Рукоплескания большинства Конвента не дали ему закончить. Потребовали немедленного принятия декрета. Лакруа, Мерлен, Тальен отказываются от своего мнения. Торжество Робеспьера является полным и всеобъемлющим. В тот же вечер Тальен, дрожавший за свою жизнь, написал Робеспьеру секретное письмо, найденное в бумагах Робеспьера после его смерти.

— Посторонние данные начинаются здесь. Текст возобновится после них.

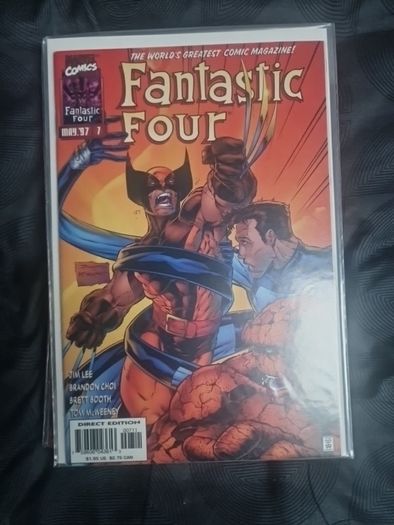 fantastic four by jim lee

«Робеспьер, – писал Тальен, – ужасные и несправедливые слова, сказанные тобою, еще звучат в моей уязвленной душе. С откровенностью честного человека я хочу дать тебе некоторые разъяснения. Тебя давно уже окружают интриганы, возбуждая твои подозрения против некоторых из твоих коллег, особенно против меня. Так происходит не впервые. Необходимо вспомнить мое поведение в то время, когда я мог бы отомстить многим. Суди сам: я, Робеспьер, не переменил ни убеждений, ни поведения; будучи постоянным приверженцем справедливости, истины и свободы, я ни на минуту не уклонился от своего пути. Что касается приписываемых мне намерений, то я их отрицаю. Меня выставили как безнравственного человека; пусть явятся ко мне – и явившиеся застанут меня с моею старой, достойной уважения матерью, в том самом жилище, которое мы занимали до революции. Роскошь изгнана из него, и, помимо книг, то, чем я владею, не прибавило к моему достатку ни одного су. Я, без сомнения, мог впасть в ошибки, но они невольны и неизбежны при человеческой слабости. Живя уединенно, я имею мало друзей; но я всегда останусь другом всех истинных защитников народа».

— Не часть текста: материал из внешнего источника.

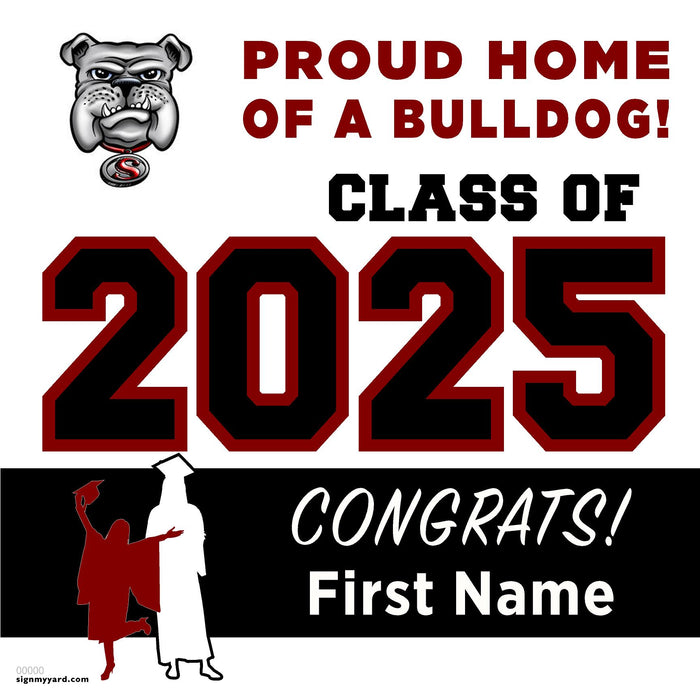 Ann Sobrato High School 24x24 Class of 2025 Yard Sign (Option A)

Робеспьер не потрудился ответить на это письмо. Он недостаточно уважал Тальена, чтобы думать, что подобное перо может когда-либо обратиться в кинжал. Во время революции никогда не опасаются подлых людей в достаточной мере. Они, однако, только и опасны.

Месяц спустя, в клубе якобинцев, Робеспьер столь же неосторожно напал на человека, еще более изворотливого и опасного, чем Тальен: на Фуше. Робеспьер заставил исключить его из членов клуба за то, что он проповедовал атеизм. «Боится, что ли, этот человек предстать пред нами? – спросил он. – Боится он глаз и ушей народа? Боится, чтобы шесть тысяч глаз, устремленных на него, не обнаружили в его лице всей его души?»

Робеспьер, Кутон и Сен-Жюст настоятельно требовали, на основании принятого декрета, отправить в Трибунал лиц, возбуждающих волнение в Конвенте. Основными из них были: Фуше, Тальен, Бурдон из Уаза, Фрерон, Тюрио, Лекуантре, Баррас, Лежандр, Камбон, Леонар Бурдон, Дюваль, Одуэн, Каррье, Жозеф Лебон. Комитеты медлили в своей решимости. Кутон обратился к якобинцам: «Тени Дантонов, Эберов и Шометтов еще блуждают среди нас, – сказал он им на заседании 26-го числа. – Республика возложила всю свою надежду на Конвент. Он заслужил это; но там осталось еще несколько вредных умов. Настало время обнаружить и наказать их. Пусть падут негодяи, да погибнут они!»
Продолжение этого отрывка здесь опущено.